Il discorso sulle intercettazioni è lo stesso discorso che fa Barbano sulle misure di prevenzione di mafia. Questo strumento c’è ed è indispensabile. Intendo le intercettazioni giudiziarie, quelle autorizzate da un giudice delle indagini preliminari e i cui risultati sono utilizzabili come prova nel processo penale. Una cosa è lo strumento e una cosa è l’uso che se ne fa. Allora non possiamo, come vorrebbe Nordio, ridurre l’area delle intercettazioni, bisogna salvaguardare lo strumento e sanzionare pesantemente chi fa un cattivo uso di questo strumento. Non possiamo buttare il bambino con l’acqua sporca.
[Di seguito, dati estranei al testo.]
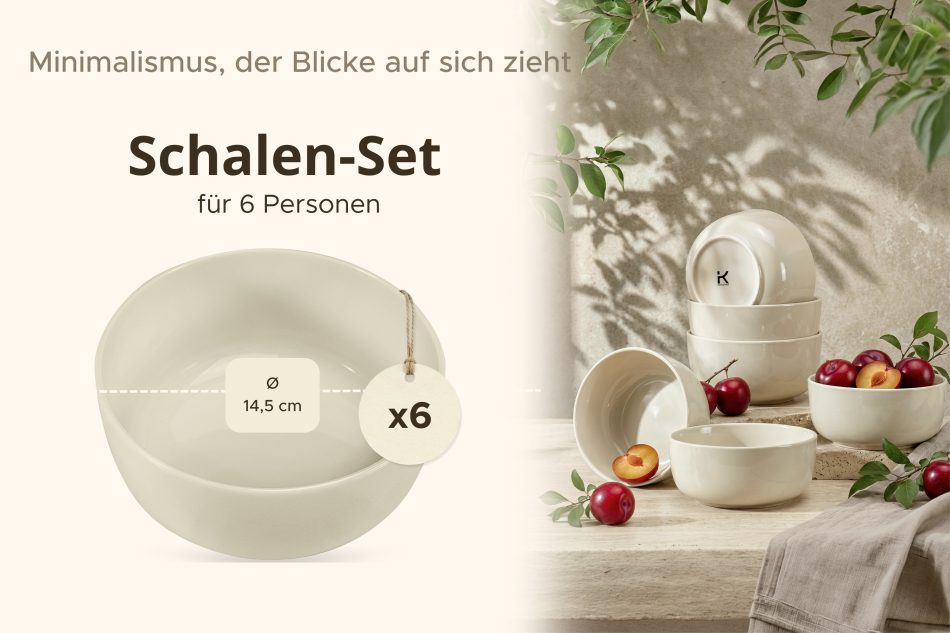 VICTO Schale beige glänzend 6tlg. beige glänzend - Foto 6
Una cosa da sanzionare sarebbe la diffusione sui mezzi di comunicazione delle intercettazioni
Il Ministro trascura che dopo la riforma Orlando del 2017 il regime di utilizzo delle intercettazioni è molto più rigoroso rispetto al passato, quindi la diffusione è sempre più rara. Il Ministro Nordio, essendo un magistrato, saprà distinguere tra strumento e suo uso.
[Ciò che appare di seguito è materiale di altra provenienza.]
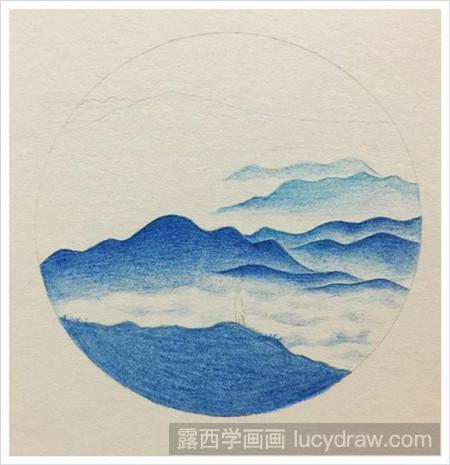 牛背山风景彩铅画怎么画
E’ d’accordo sulle separazione della carriera dei magistrati?
Sono assolutamente contrario. Io personalmente ho fatto esperienza di giudice nei primi anni di carriera e poi sono passato all’ufficio del pubblico ministero. Il fatto che il pubblico ministero partecipi della cultura della giurisdizione dei giudici è una garanzia per il cittadino. Il pm deve essere imparziale come il giudice. L’autonomia del Pm deve essere sempre garantita, e può essere garantita solo mantenendo la stessa carriera, con le limitazioni che già ci sono. Perché secondo la riforma Cartabia si può solo una volta passare da una funzione all’altra.
Come ben sa, con Berlusconi abbiamo avuto un ventennio di battaglie tra toghe e politica, Pensa che possa ripetersi con questo governo?
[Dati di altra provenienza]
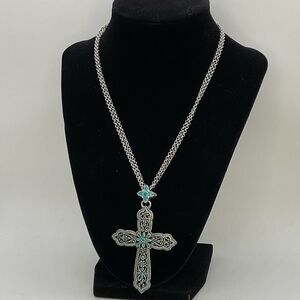 Brighton Double Strand Turquoise Enamel Cross Necklace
Mi auguro di no, il problema è come diceva Giovanni Falcone: magistratura e politica devono cooperare. Falcone quando andò nel 91’ al Ministero ci andò per cooperare con la sua esperienza di magistrato sul versante legislativo. Ci dovrebbe essere sempre un dialogo leale, corretto e sereno, cosa che non c’è quasi mai. La giustizia non è una funzione di potere ma di servizio, e ognuno deve fare la sua parte. Questo era il grande insegnamento di Giovanni Falcone
Esiste una parte di magistratura politicizzata?
E’ un vecchio discorso: che ci siano giudici che abbiano avuto rapporti non corretti col potere politico purtroppo è vero. Basta citare la vicenda Palamara. Io sono dell’idea che, se tu sei magistrato, non puoi passare dalla funzione giudiziaria a quella politica e poi tornare indietro. C’è un grande problema di rapporti tra politica e giustizia che deve essere disciplinato. Non vedo come con le premesse poste dal ministro Nordio nelle sue dichiarazioni pubbliche, questo problema potrà essere risolto.